4. Proportionality and Parity Matter as to the Sanction to be Imposed on an Employee When Wrongdoing Is Established

The ECT in JGP v JGQ treated relative treatment of comparable employees as relevant to proportionality of the sanction imposed for the misconduct. Parity is not a freestanding ground of liability and will not, in and of itself, determine whether the alleged misconduct is established; but once some misconduct is established, like cases should generally be treated alike unless principled distinctions justify different outcomes.

For employers managing group investigations, this means sanction decisions should be supported by a documented and consistently applied framework. Relevant distinctions may include seniority, degree and duration of participation, prior record, candour, cooperation, trust sensitivity, safety issues, or regulatory implications.

5. Overtime Claims May Succeed Despite Statutory Overtime Limits

In JHU v JHV, the ECT held that an employee may recover overtime pay for work actually performed even if the alleged hours exceed the statutory ceilings under the Act. The tribunal applied the High Court’s reasoning in Hossain Rakib v Ideal Design & Build Pte Ltd [2023] 5 SLR 1529 that overtime limits are intended to protect employees and should not allow an employer to rely on its own statutory breach as a shield against paying wages owed.

The decision also cautions against dismissing employee claims as inherently improbable merely because the alleged hours are extreme or because the employee complained only after employment ended. The tribunal recognised that employees, particularly foreign workers, may tolerate poor conditions for practical reasons and that the better approach is to decide the issue on the documentary and witness evidence.

6. Employee Records Are Critical in Wage Disputes

JHU v JHV underscores the importance of maintaining and producing proper employment records. The tribunal held that an employer that had made and kept records of hours worked could have produced them to identify discrepancies between its records and the employee’s claim. The employer’s refusal to disclose or make accessible attendance records breached section 95(2) of the Act and engaged section 21(2) of the ECA, allowing the tribunal to draw an adverse inference against the employer.

The tribunal ultimately accepted the employee’s attendance evidence and allowed the claim in full, after noting that the employer did not seriously challenge the attendance table with specific contrary evidence.

7. Section 45 of the Act Does Not Create a General Retrenchment-Benefit Entitlement

The ECT in JIF v JIG held that section 45 of the Act should not be understood as creating a statutory entitlement to retrenchment benefits. An employee’s entitlement to retrenchment benefits depends on rights derived from contract or collective agreement. This is consistent with the recent High Court decision in Seng Hock Chye Daniel v Denso International Asia Pte Ltd [2026] SGHCR 14, where the Assistant Registrar struck out a claim for retrenchment benefits on the ground that the claim was legally unsustainable where no contractual or statutory basis for entitlement was established of particularised.

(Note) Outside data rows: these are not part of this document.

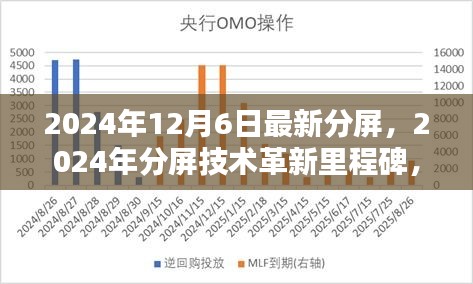 2024年分屏技术革新里程碑，最新技术深远影响及未来展望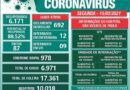 Osório registra seis mortes por coronavírus nas últimas horas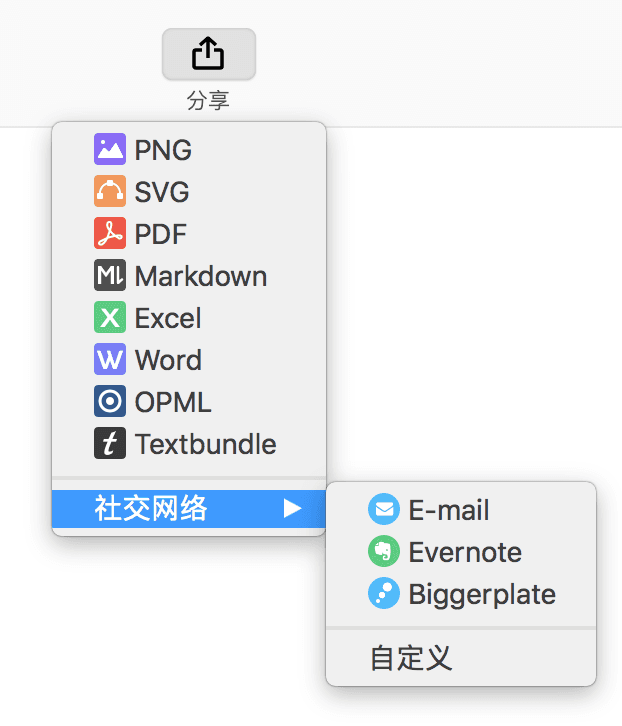 分享功能界面展示
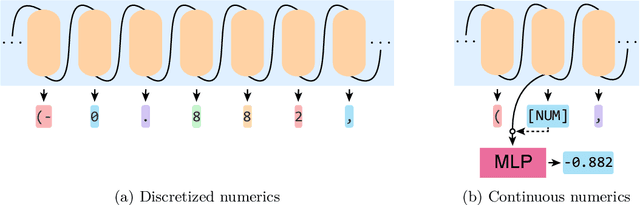 Figure 3 for Re-Thinking Inverse Graphics With Large Language Models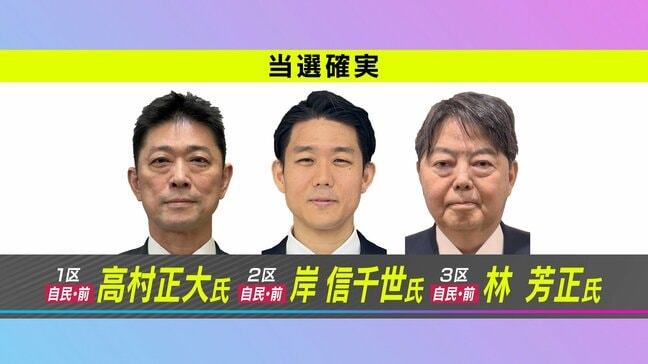 衆院選・山口県内３選挙区はすべて自民前職が当選確実|TBS NEWS DIG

In this connection, the Assistant Registrar held that the mere fact that other employees may have received redundancy packages (even if proven) does not create a legal entitlement for the claimant absent a contractual or statutory foundation.

Internal redundancy standards, policies, or past practice will not automatically create a contractual entitlement. A non-contractual policy may guide internal practice, but it does not become binding without clear incorporation into the employment contract, unequivocal assurances, or a properly pleaded estoppel or representation case was articulated with the requisite particulars (representation, reliance, and detriment).

8. Discretionary Bonuses and Share Awards Turn on Contractual Wording and the Exercise of Discretion

Both JGP v JGQ and JIF v JIG confirm that discretionary compensation claims will turn heavily on the contractual wording and the evidence of how discretion was exercised. In JGP v JGQ, the bonus claim failed because the employee did not prove an accrued contractual entitlement or that the exercise of bonus discretion by the employer was in bad faith or for an improper purpose; the finding of wrongful dismissal did not itself create a right to a prior-year performance bonus.

The claim for employee share options in JIF v JIG similarly failed as the employee failed to prove that the employer’s decision not to vest employee share options awards was either irrational or had been taken in bad faith. The tribunal’s task in this context was supervisory, and it was not to undertake a de novo assessment of the issue on the merits or to substitute its own view of whether the share awards should vest.

9. Commission Plans Will Be Construed Objectively

In JIQ v JIR, the ECT preferred the employee’s component-based interpretation because the plain text of the Sales Pay Plan pointed to the sales commission being assessed along product lines rather than whole-of-contract lines (based on the employer’s interpretation). The tribunal also considered how the Sales Pay Plan was calculated for the other sales colleagues involved in securing with the sales contract (that gave rise to the sales commission), as well as the context in which the Sales Pay Plan was drafted and introduced, before drawing the conclusion that the employee’s interpretation “sat comfortably with the contextual cues relevant to the exercise of interpretation.”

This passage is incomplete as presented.